Brief: Go through the data below and transcribe it exactly. Omit the images.

Provided material Block Start

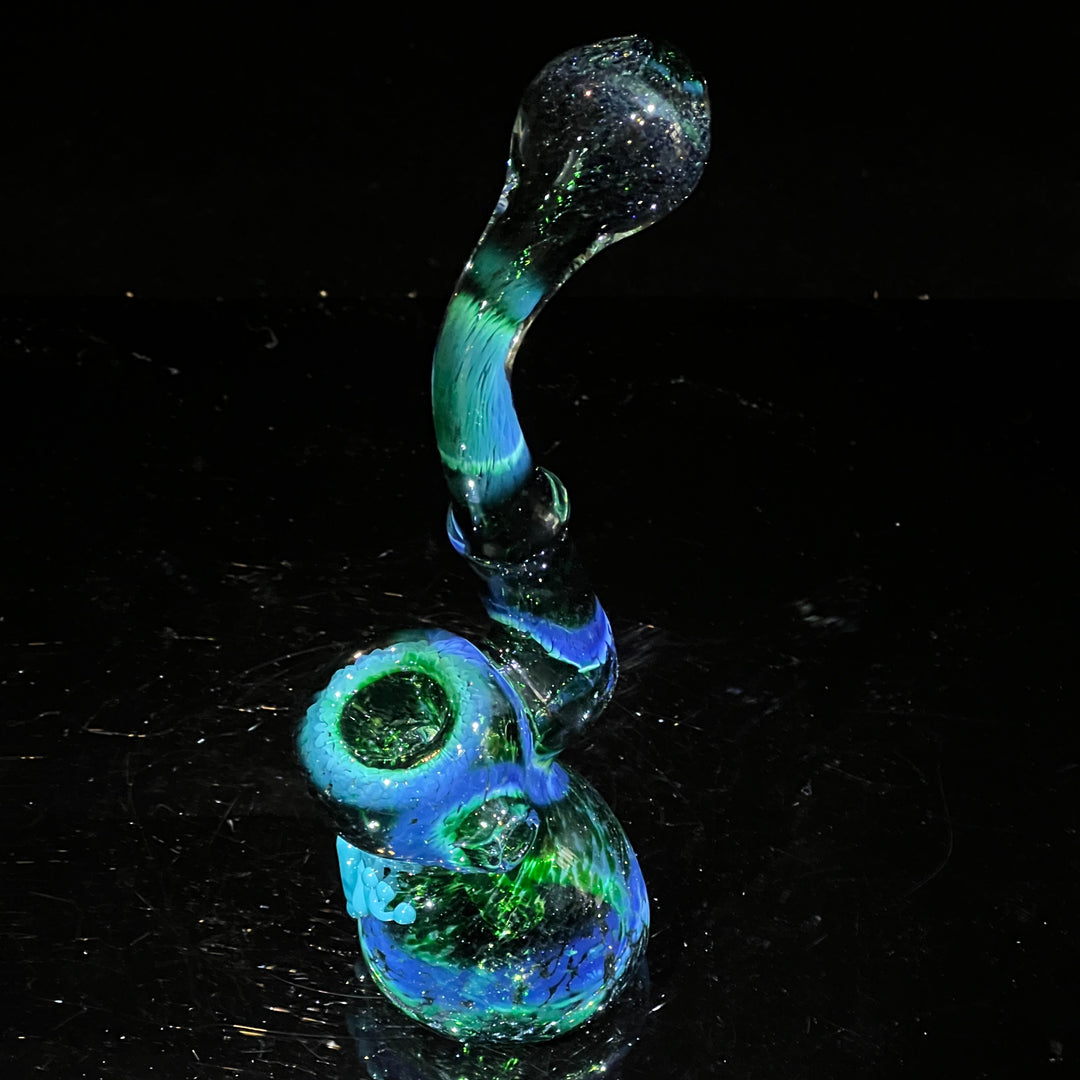 Deep Green Sherlock Frog Bubbler Glass Pipe Beezy Glass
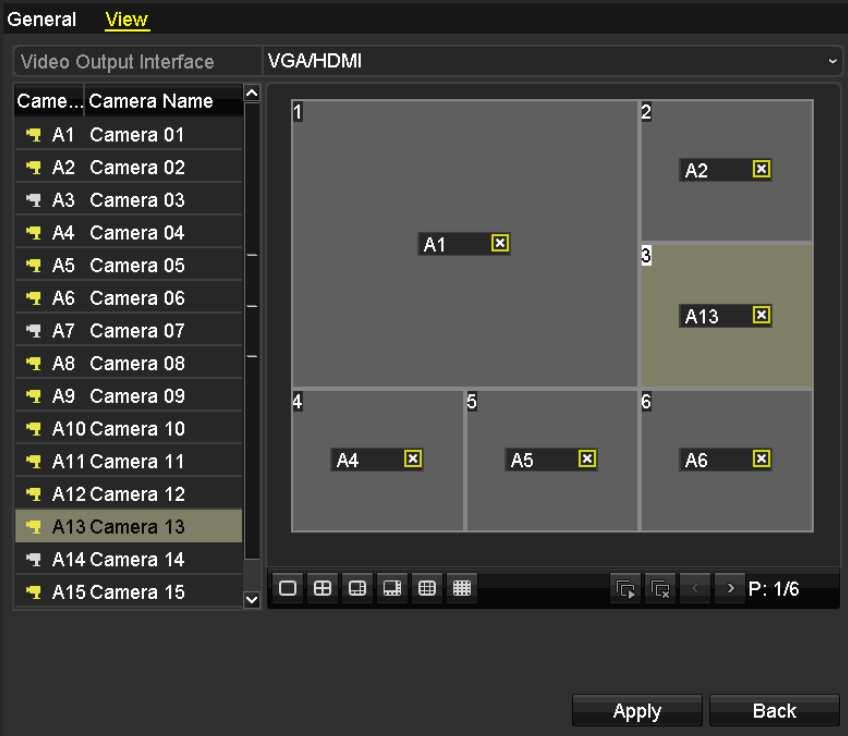 Figure 3. 9 Live View- Camera Order 2) Click a window to select it, and then double-click a camera name in the camera list you would like to display.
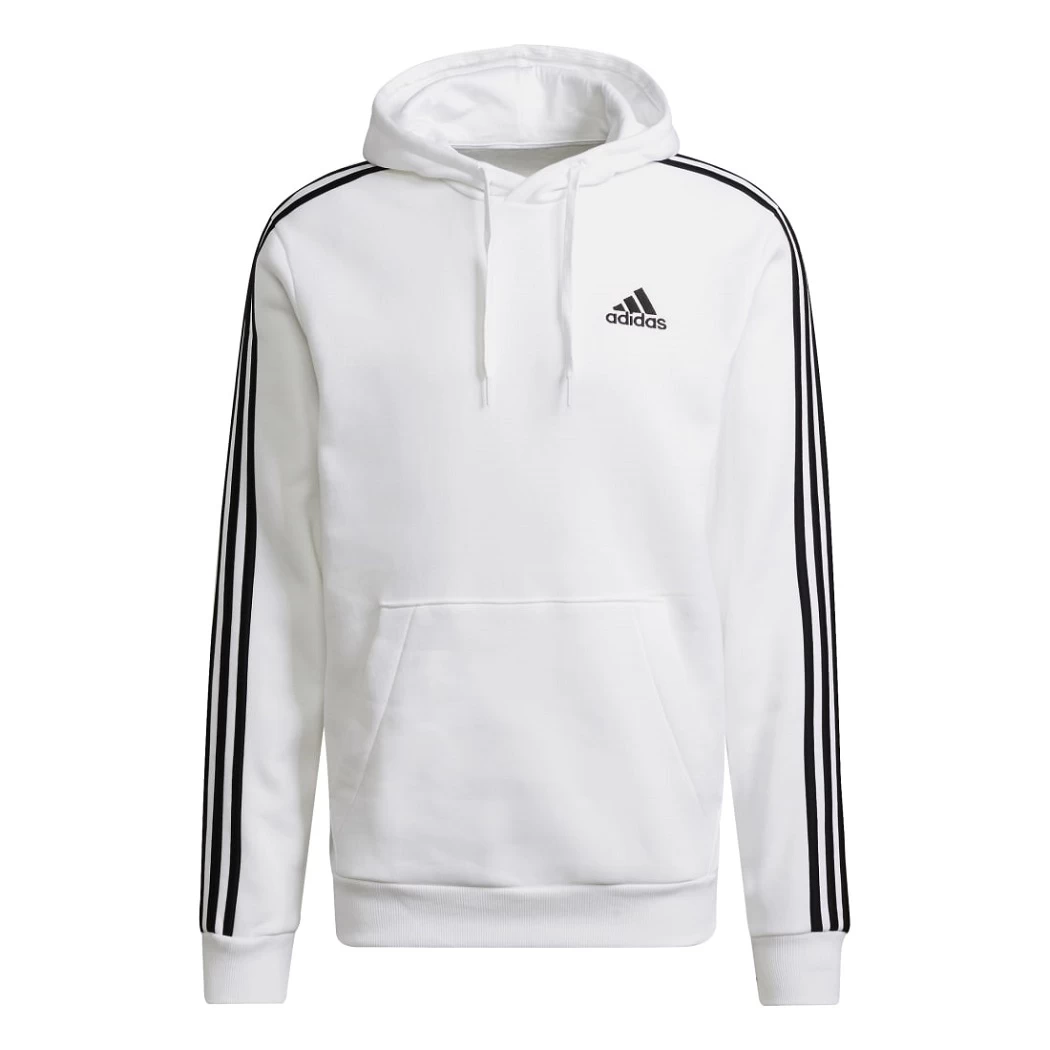 Adidas Essentials 3-Streifen Hoodie French Terry Weiß / Schwarz – Bild 4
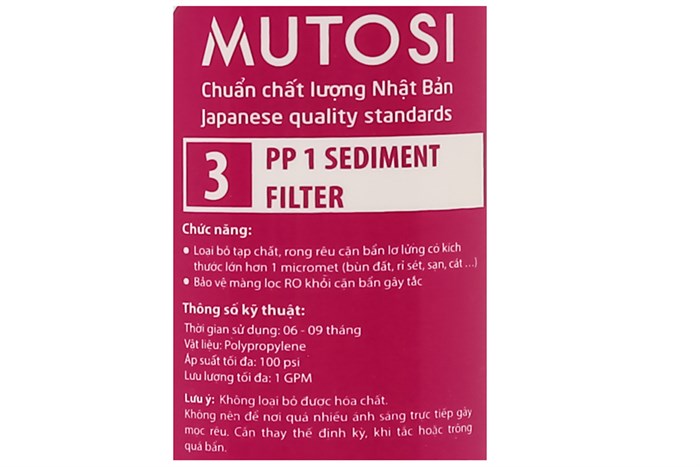 Lõi lọc thô Mutosi số 3 PP 1 micron 10 inch thay nhanh Màu Trắng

Provided material Block End

Answer for the task:
 Deep Green Sherlock Frog Bubbler Glass Pipe Beezy Glass
 Figure 3. 9 Live View- Camera Order 2) Click a window to select it, and then double-click a camera name in the camera list you would like to display.
 Adidas Essentials 3-Streifen Hoodie French Terry Weiß / Schwarz – Bild 4
 Lõi lọc thô Mutosi số 3 PP 1 micron 10 inch thay nhanh Màu Trắng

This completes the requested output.